Cgil, Cisl e Uil provinciali, insieme con i metalmeccanici di Fim, Fiom e Uilm, si dicono preoccupati per la “mancata concretizzazione di alcune soluzioni che attraverso la volontà delle parti consentirebbero di dare risposta immediata a più di 100 lavoratori metalmeccanici”.
Secondo i sindacati la responsabilità di questa situazione sarebbe da addebitare all’Eni che permetterebbe “l’uso smodato di agenzie interinali, di pensionati e di tanti altri lavoratori che scavalcano gli aventi diritto”. Ma Sicindustria non ci sta e ribatte ricordando che “dalla firma dell’accordo del 2014 fino a luglio 2017, Eni ha investito sul territorio gelese complessivamente 555 milioni di euro per portare avanti un piano di sviluppo che comporta una serie di interventi caratterizzati da alto contenuto tecnologico, di ricerca e di elevata sostenibilità ambientale”.
Una sfida che, secondo Rosario Amarù, presidente di Sicindustria di Caltanissetta, “alcune imprese hanno sostenuto con successo, conquistando spazi anche all’estero, mentre altre aziende dell’indotto non ce l’hanno fatta”.
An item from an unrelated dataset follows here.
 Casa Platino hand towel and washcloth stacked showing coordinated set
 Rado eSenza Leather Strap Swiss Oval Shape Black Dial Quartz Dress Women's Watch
Cgil, Cisl e Uil replicano affermando di avere accettato la sfida “ma tutto questo – ribattono – non può rimanere tema da convegno e pura teoria, ci vogliono i fatti”. Come nel negoziato per l’accordo di programma dove il sindacato, “mai invitato”, dice di avere spesso “assistito a fiumi di parole e a ore di interviste che niente di concreto hanno portato al territorio”. E dopo il nulla di fatto di ieri, non è escluso il ricorso allo sciopero.